Boleh saja pemerintah berasalan baik untuk mencegah oknum-oknum dalam tindak ilegal. Akan tetapi, seharusnya dikaji ulang terkait aturan pemblokiran. Tidak harus semua rekening Dim dibekukan. Jika pun nanti harus direaktivasi lagi, maka pengurusannya tidak panjang.
Baca Juga: Pemblokiran Rekening
Para pemimpin di zaman kekhalifahan telah banyak mencontohkan sikap mempermudah urusan orang lain ini. Salah satunya adalah kisah masyhur Khalifah Umar bin Khattab r.a ketika blusukan ke masyarakat pada malam hari. Khalifah mendapati sebuah rumah yang terdengar darinya suara tangisan anak kecil.
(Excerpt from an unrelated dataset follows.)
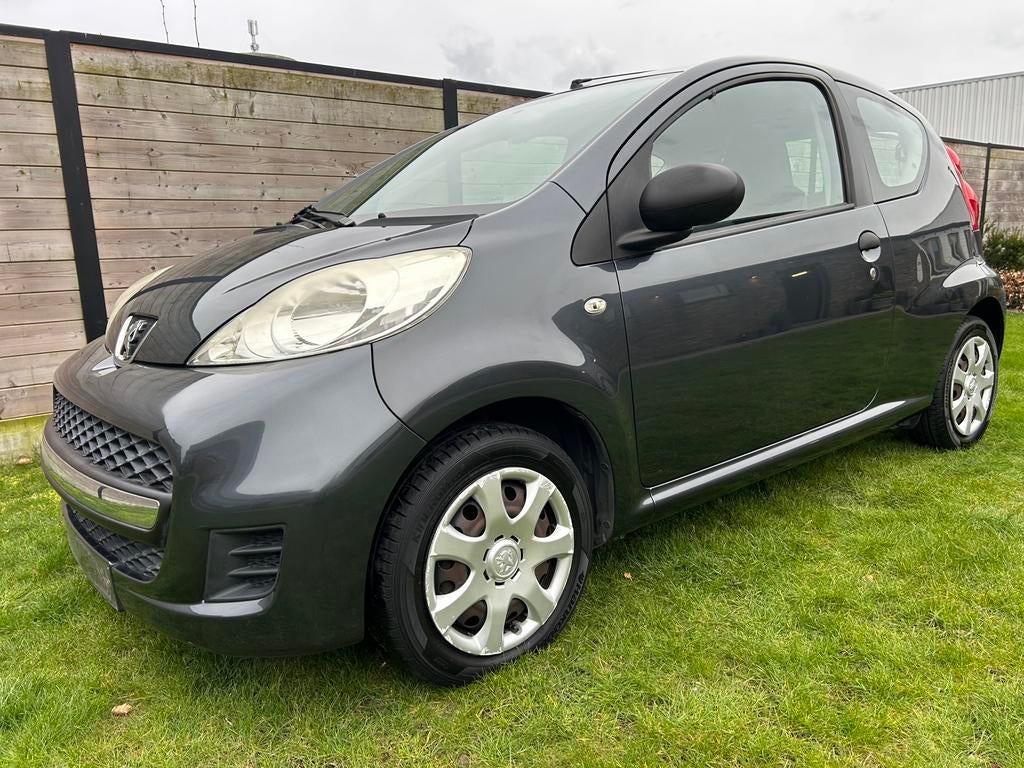 Peugeot 107, 1000cc, Voorwielaandrijving, Stof, 50 kW, Zwart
Kita ketahui bersama, bahwa anak itu kelaparan dan ibunya yang memasak justru tak kunjung usai. Singkatnya, ternyata yang dimasak sang ibu adalah batu dan membuat Khalifah Umar merasa sedih. Kenapa masih ada orang susah di era kepimpinannya? Akhirnya, kita tahu bahwa beliau langsung, saat itu juga pergi ke gudang penyimpanan makanan, mengangkat, mengantar, bahkan memasak langsung untuk ibu dan anak tadi.
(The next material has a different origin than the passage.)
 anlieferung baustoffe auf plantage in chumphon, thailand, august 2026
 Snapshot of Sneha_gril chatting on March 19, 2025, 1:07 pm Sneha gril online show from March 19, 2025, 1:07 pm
Kisah ini seharusnya tidak menjadi bunga tidur yang dibacakan tiap malam, atau hanya terenggok dalam memori. Karena kisah ini sejatinya adalah teladan luhur, bagaimana seharusnya pemimpin bersikap. Pemimpin-pemimpin seperti itu hanya lahir dalam sistem baik yang berpegang pada Al-Qur’an dan sunah. Bukan dalam sistem sekularisne kapitalisme buatan manusia.
Maka jangan heran jika sekarang banyak orang menjelang kemerdekaan, bukannya mengibarkan bendera merah-putih, justru bendera tengkorak hitam atau Jolly Roger khas One Piece. Karena rakyat tahu, ada yang salah dengan kebijakan pemerintah akhir-akhir ini. Jolly Roger hanyalah satu dari banyaknya ekspresi lain tentang keadaan negara yang sedang tidak baik-baik saja.